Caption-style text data
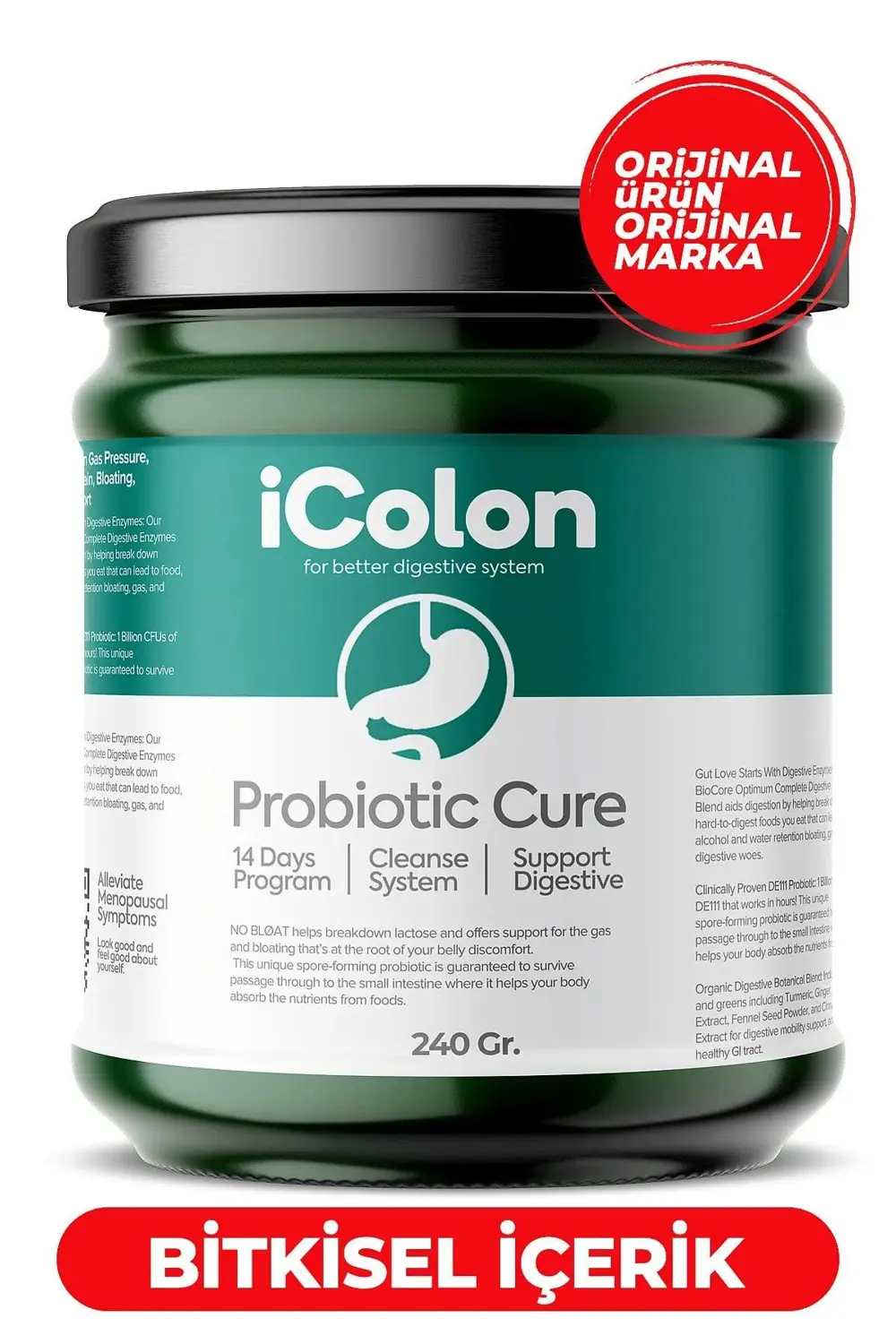 Black Natural Black Natural Icolon Probiyotik Cure 240 Gr Black Natural Black Natural Icolon Probiyotik Cure 240 Gr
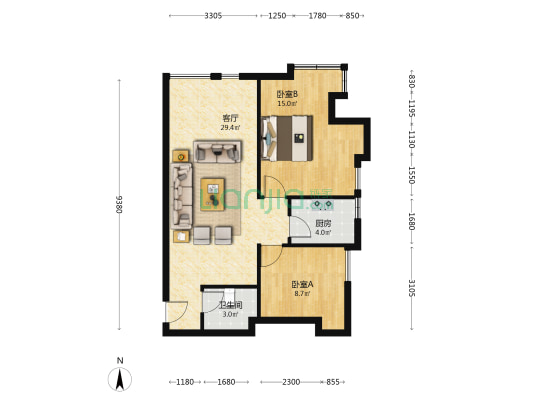 涿州开发区钻石广场集中供暖两居室房本满五年-户型图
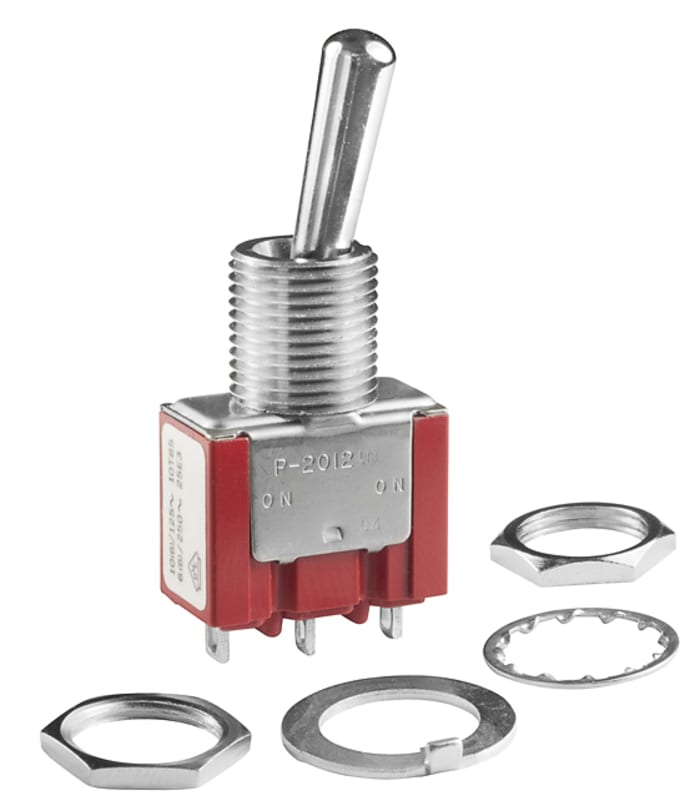 NKK Switches Toggle Switch, Panel Mount, Latching, SPDT, Solder Terminal, 250V ac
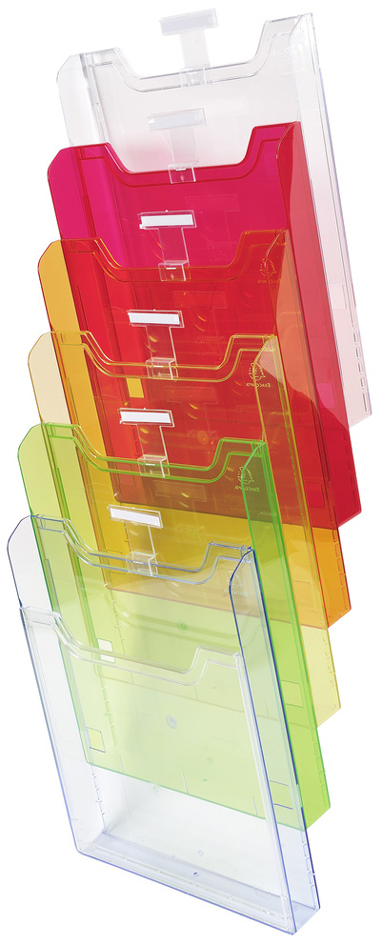 64799D_1 EXACOMPTA Wand-Prospekthalter, A4 hoch, 6 Fächer, harlekin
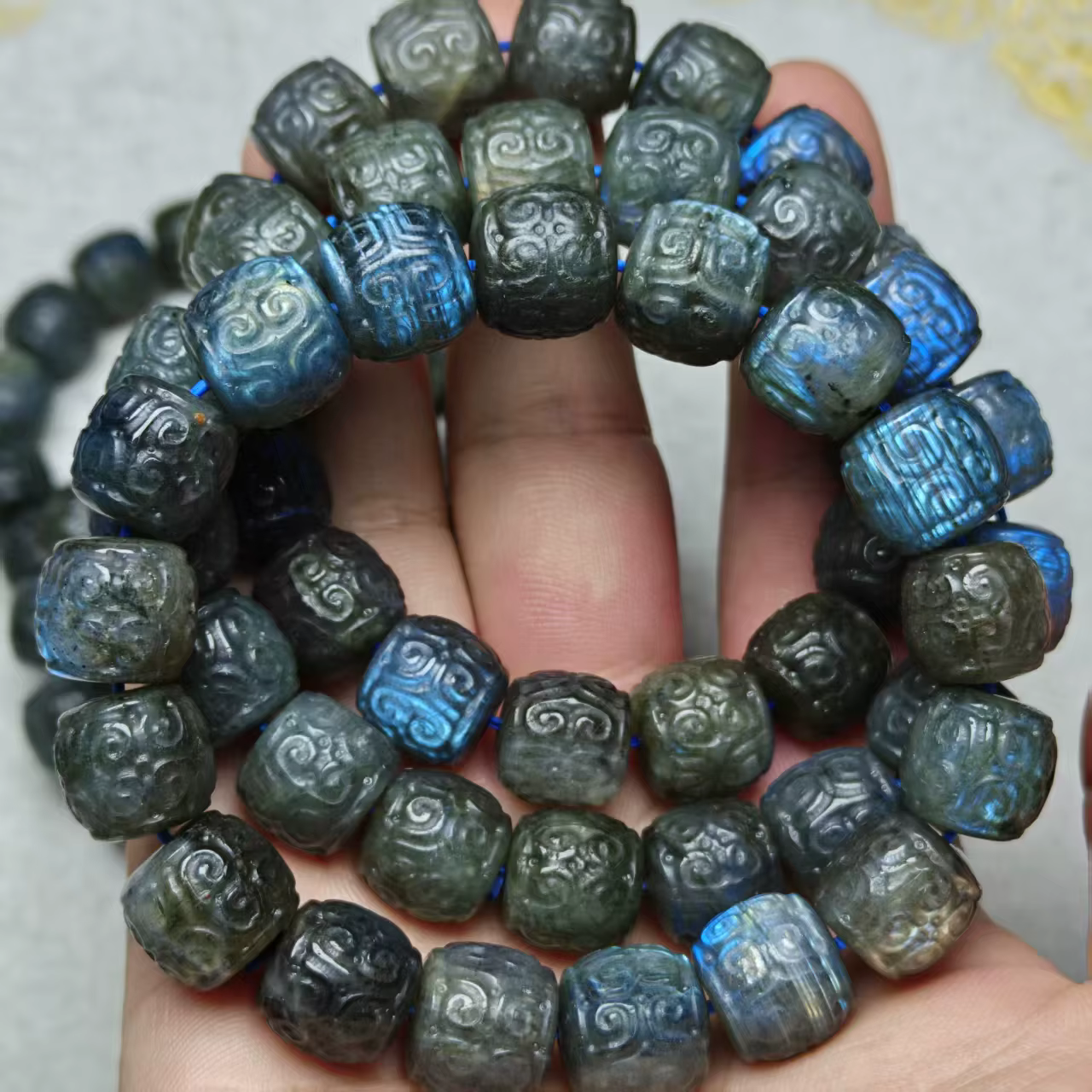 Perles de tambour en labradorite naturelle AAA, motif ruyi, lisses et rondes, pour la création de bi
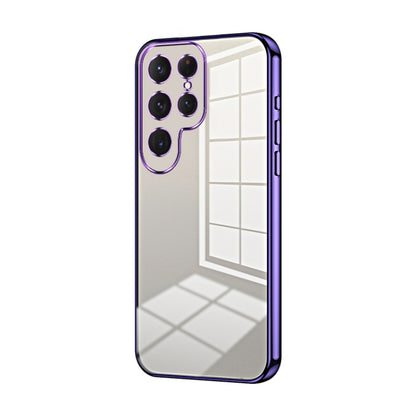 For Samsung Galaxy S25 Ultra 5G Transparent Plating Fine Hole Phone Case(Purple) by buy2fix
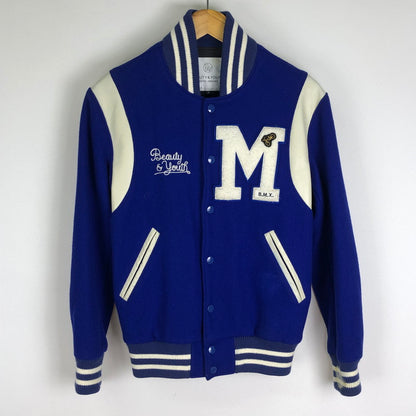 【中古品】【メンズ】 BEAUTY&YOUTH UNITED ARROWS ビューティアンドユースユナイテッドアローズ STADIUM JACKET 1225-104-2663 スタジアム ジャケット アウター スタジャン ウール 147-251127-ts-25-tei サイズ：S カラー：ブルー 万代Net店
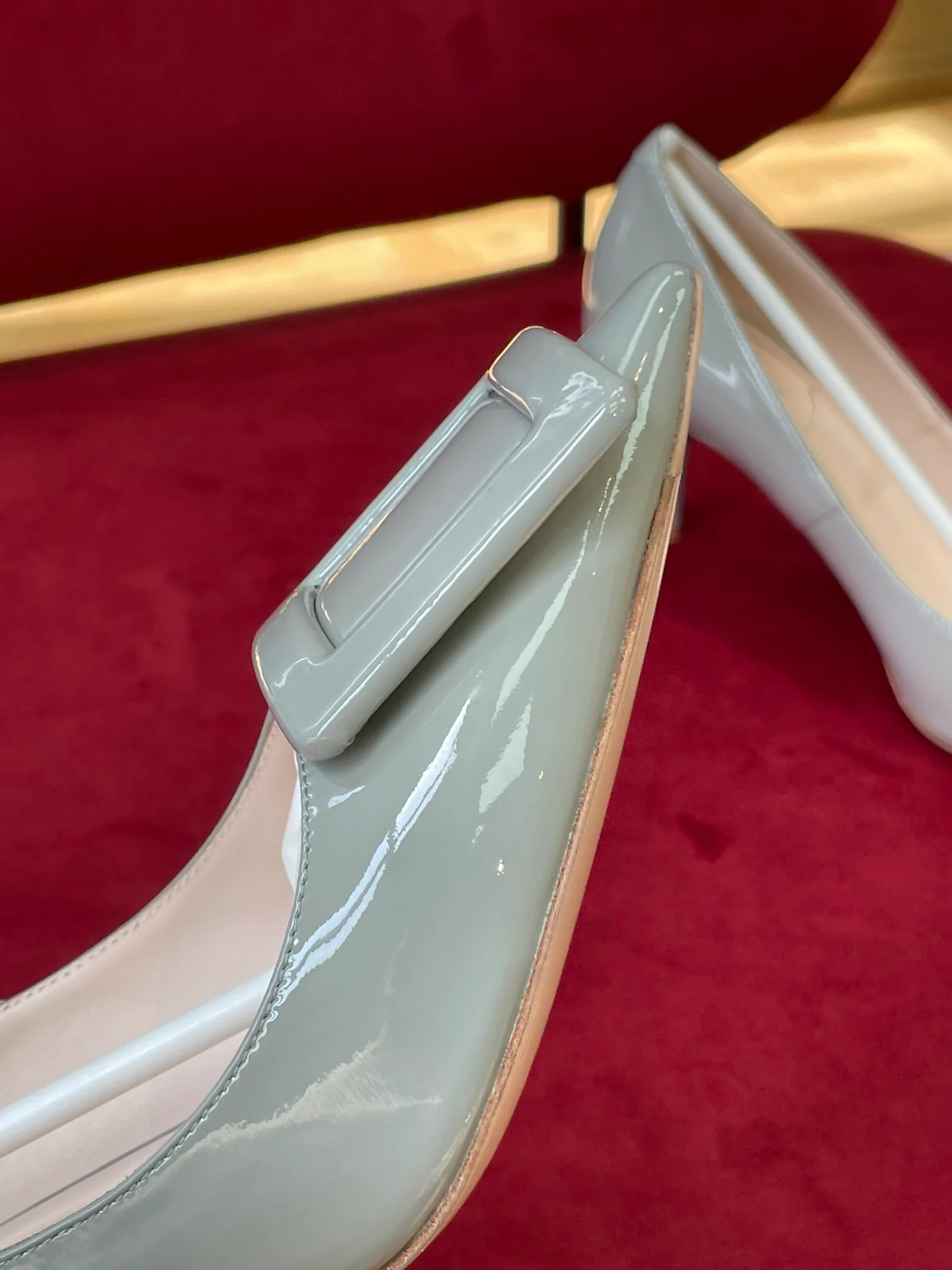 Туфли для автодомов - туфли на каблуке с острым носком - серые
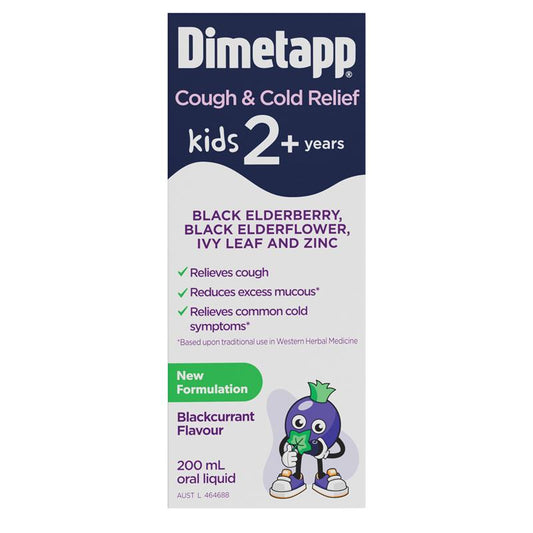 Dimetapp Kids Cough & Cold Relief - Black Elderberry & Ivy Leaf 200ml-Auzzi Store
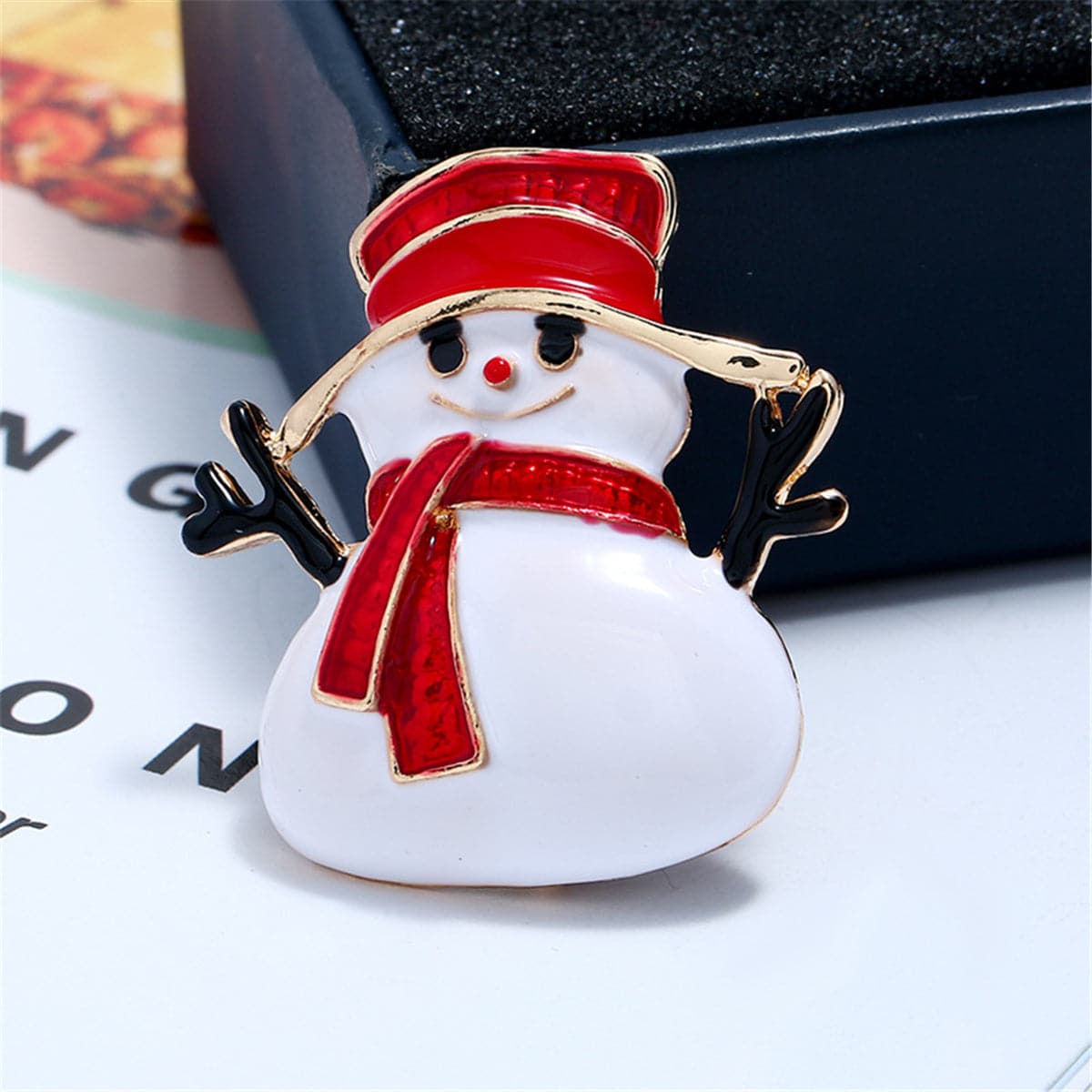 Red & 18K Gold-Plated Snowman Brooch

◆ What you have to do
Please copy the lines above exactly, starting at the line that holds "For Samsung Galaxy" and ending at the line that holds "サイズ：S カラー：ブルー 万代Net店"; include both, but no pictures.

◆ Response to this task
 For Samsung Galaxy S25 Ultra 5G Transparent Plating Fine Hole Phone Case(Purple) by buy2fix
 【中古品】【メンズ】 BEAUTY&YOUTH UNITED ARROWS ビューティアンドユースユナイテッドアローズ STADIUM JACKET 1225-104-2663 スタジアム ジャケット アウター スタジャン ウール 147-251127-ts-25-tei サイズ：S カラー：ブルー 万代Net店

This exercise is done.